3. The defined term “Termination Date” contained in Section 1.01 of the Credit Agreement is hereby amended by replacing the date “January 5, 2016” contained therein with the date “January 3, 2017”.

4. The last sentence of Section 2.06(a) of the Credit Agreement is hereby amended and restated as follows:

Accrued and unpaid interest on each Base Rate Loan shall be payable (i) in the case of interest accrued during a calendar month, on the fifteenth (15th) day of the immediately succeeding calendar month, and (ii) on the Termination Date.

5. The last sentence of Section 2.06(b) of the Credit Agreement is hereby amended and restated as follows:

Accrued and unpaid interest on each LIBOR Loan shall be payable on the last day of the Interest Period therefor, and on the Termination Date.

6. Section 2.07(a) of the Credit Agreement is hereby amended by (i) replacing the phrase “at the rate of 0.15% per annum” contained therein with the phrase “at the Commitment Fee Rate” and (ii) replacing the last two sentences contained therein with the sentence “Commitment fees accrued during each calendar quarter shall be due and payable in arrears on the fifteenth day of the calendar month immediately succeeding such calendar quarter and on the Termination Date.”

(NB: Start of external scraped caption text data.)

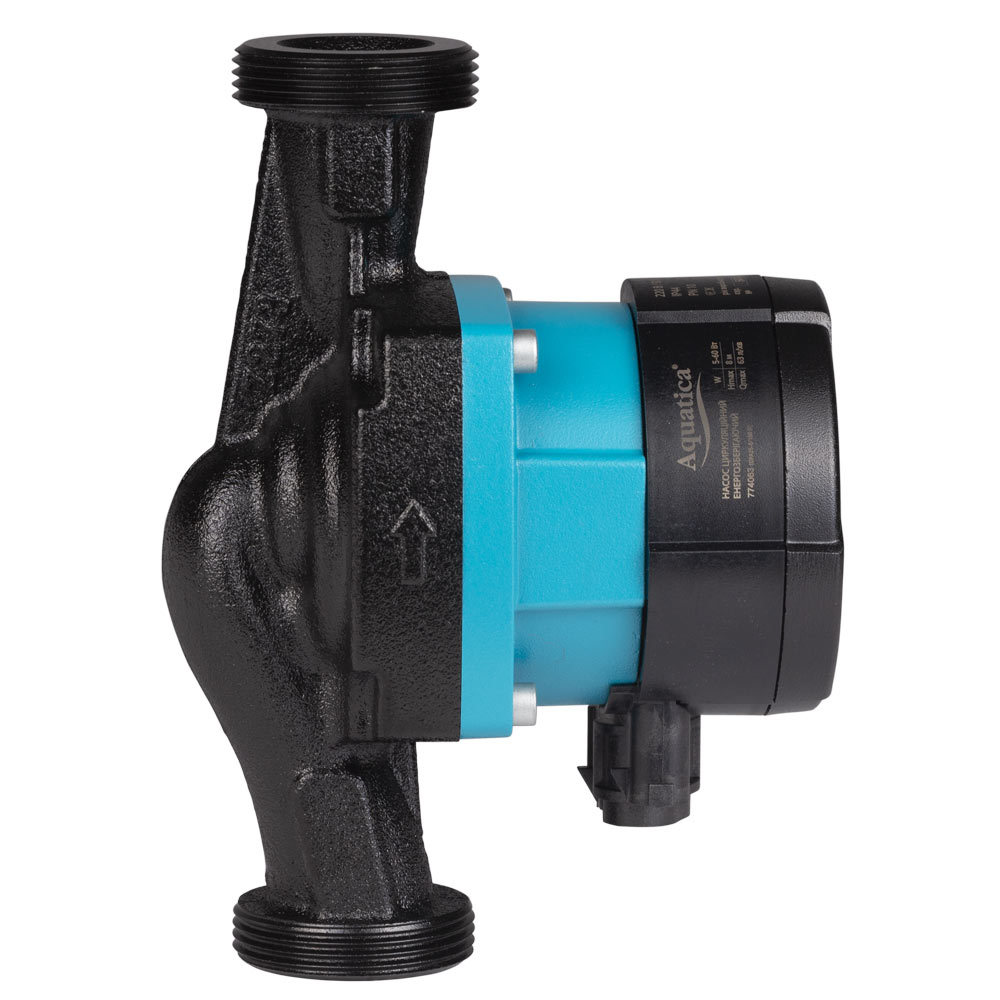 Насос циркуляційний Aquatica енергозберігаючий 5-60Вт Hmax 8м Qmax 63л/хв Ø1 1/2" 180 мм + гайки Ø1" GPA25-8/180 III
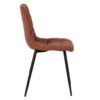 498003 Silla de diseño moderno tapizado terracota costuras cuadrícula y patas metal negro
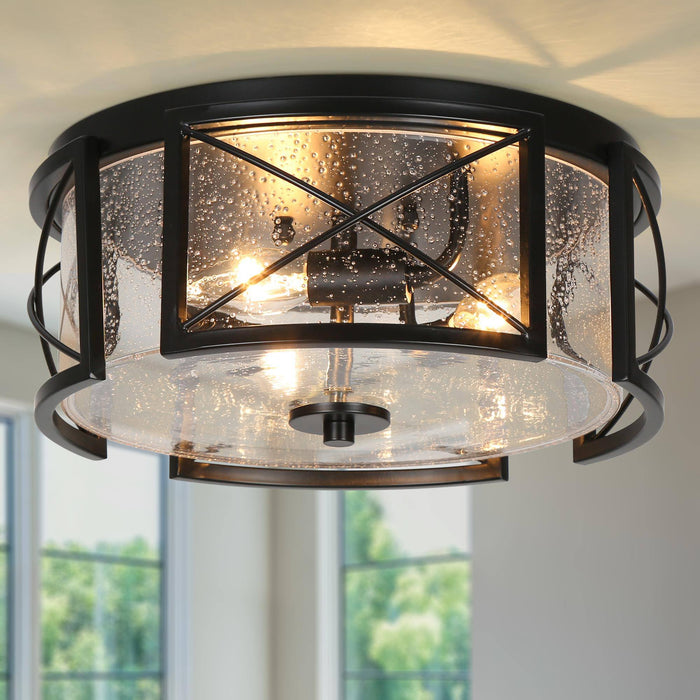 Rebecca 3-Light Black Flush Mount Light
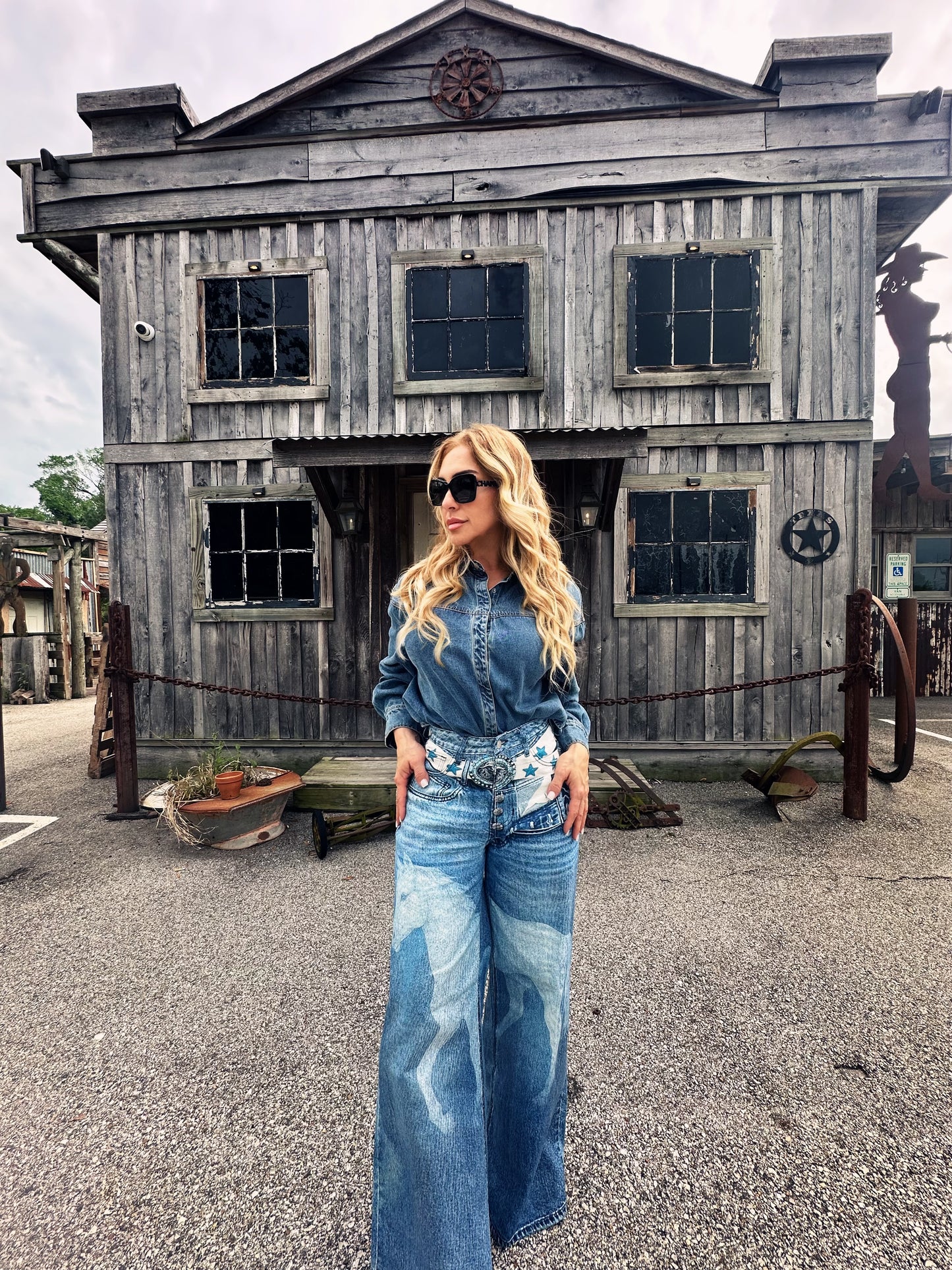 Faith Horse Denim Two-Piece Set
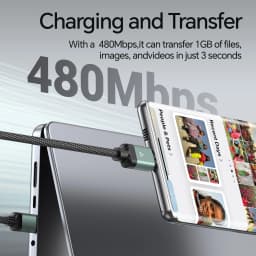 Magnetic USB C Charging Cable 1.2M 100W Type C to Type C Cables Nylon Braided Data Transfer Fast Charging Cord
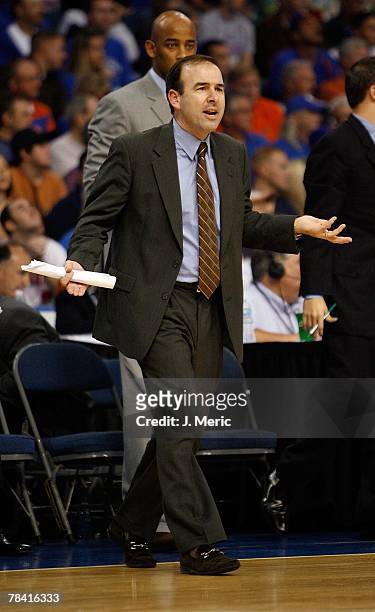 Head Coach Mike Lonergan of the Vermont Catamounts directs his team during the game against the Florida Gators on November 30, 2007 at the St. Pete...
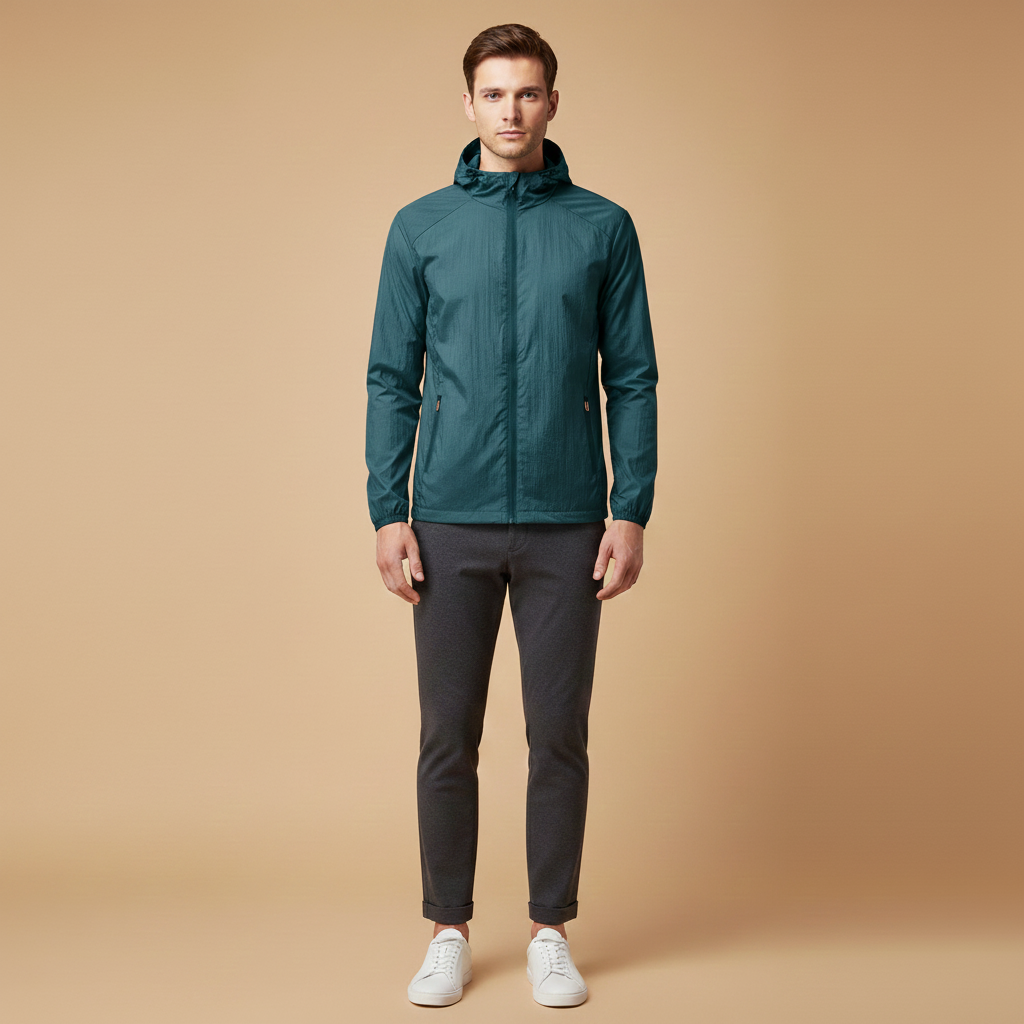 Waterproof Hooded Mens Zip Up Jacket
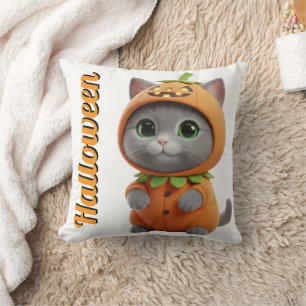 3D Kawaii Kürbis Katze Halloween Wurf Kissen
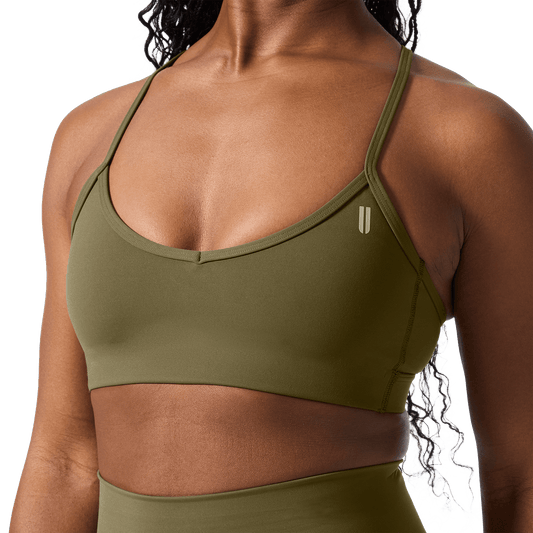 Drive Tactical Green Thin Strap Bra Front Detail Angle.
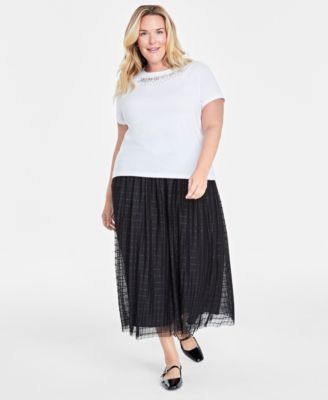 Plus Size Embellished Tee Tulle A Line Midi Skirt Created for Macy s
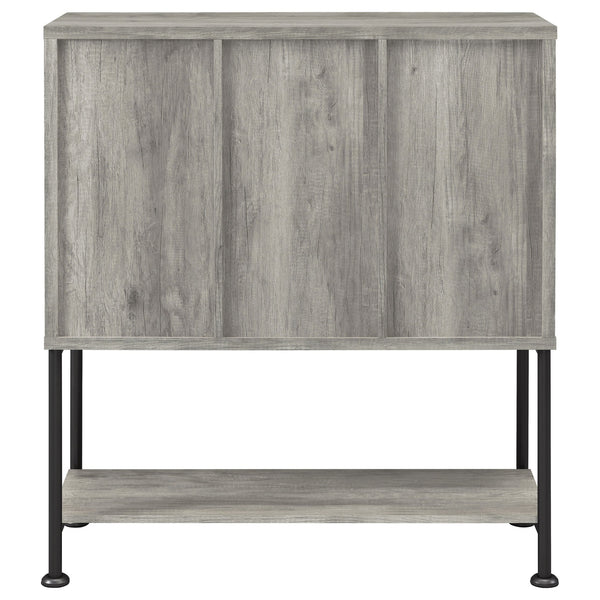 English Elm Hovander Farmhouse Bar Cabinet with Sliding Barn Doors Wine Storage and Gunmetal Legs B062P441038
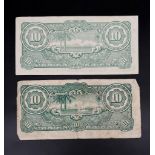 Two Scarce World War 2 Issue Japanese Government Issue 10 Dollar Notes.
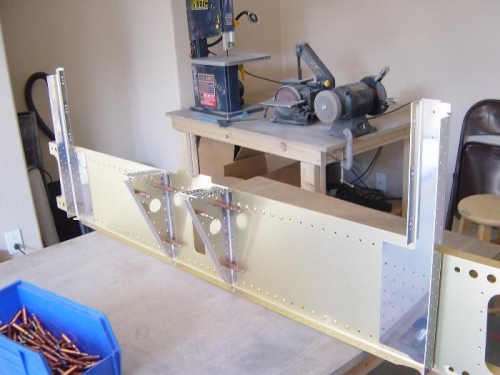 Mid seat rail brackets & L&R bulkheads  clecoed and drilled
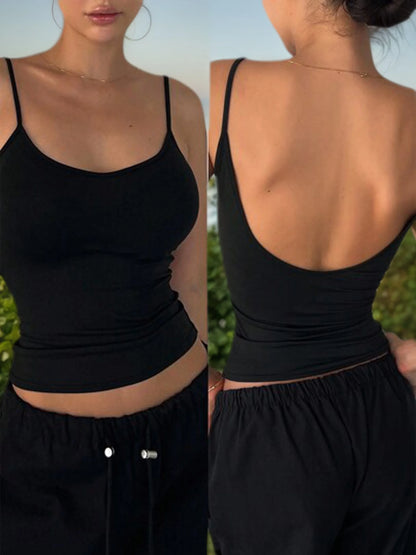 Women'S Sexy Backless Spaghetti Strap Cami Top Stretchy Polyester Spandex Blend Slim Fit Sleeveless Shirt for Summer Party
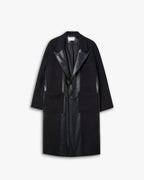 Wool &Faux-Leather Panel Coat image 0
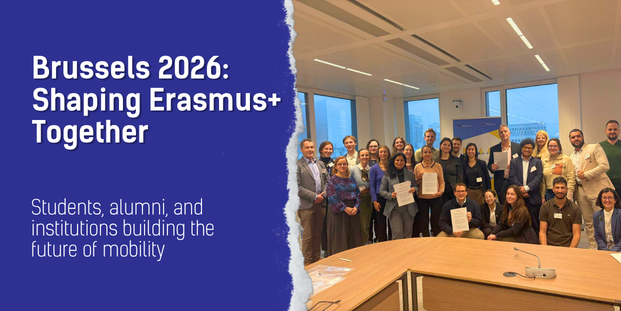 The visual shows the title Brussels 2026: Shaping Erasmus+ Together and subtitle: Students, alumni, and institutions building the future of mobility. The background is dark blue and on the right there is a picture of a lot of people together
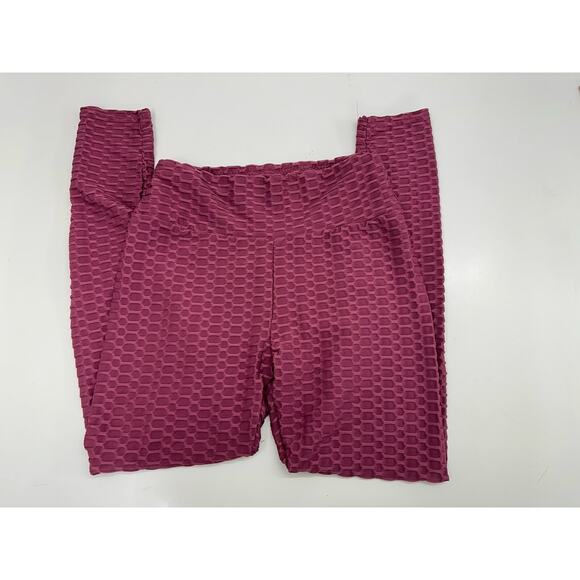 New Mix Womens Leggings Size Large/XL Pink Ruched Honeycomb - Picture 1 of 10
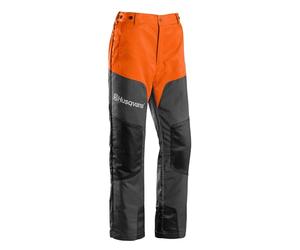 Husqvarna Pantalon de protection anti-coupure compatible avec une tronçonneuse EN381 classe 1 (20 m/s) - Orange/gris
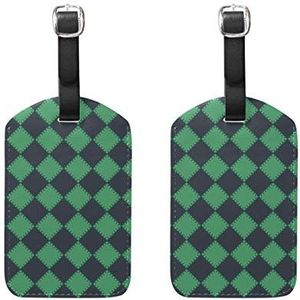 Bagage Labels,Kerst groene geometrische bagageruimte Tags Travel Tags Koffer Accessoires 2 Stuks Set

7. Section 2.09(d) of the Credit Agreement is hereby amended and restated in its entirety as follow:

The Borrower hereby authorizes and irrevocably directs the Agent, at the Agent’s option at any time upon and following the due date for payment by the Borrower of any amounts under the Loan Documents, and without any further notice to or consent of the Borrower, to debit any account(s) of the Borrower with the Agent (in any capacity) and apply amounts so debited toward the payment of any such amounts due and owing under the Loan Documents. Notwithstanding such authorization and direction, the Borrower hereby further acknowledges and agrees that (a) the Agent shall have no obligation to so debit any such account(s) and shall have no liability whatsoever to the Borrower for any failure to do so, and (b) the Borrower shall fully retain the obligation under the Loan Documents to make all payments owing by the Borrower thereunder when due.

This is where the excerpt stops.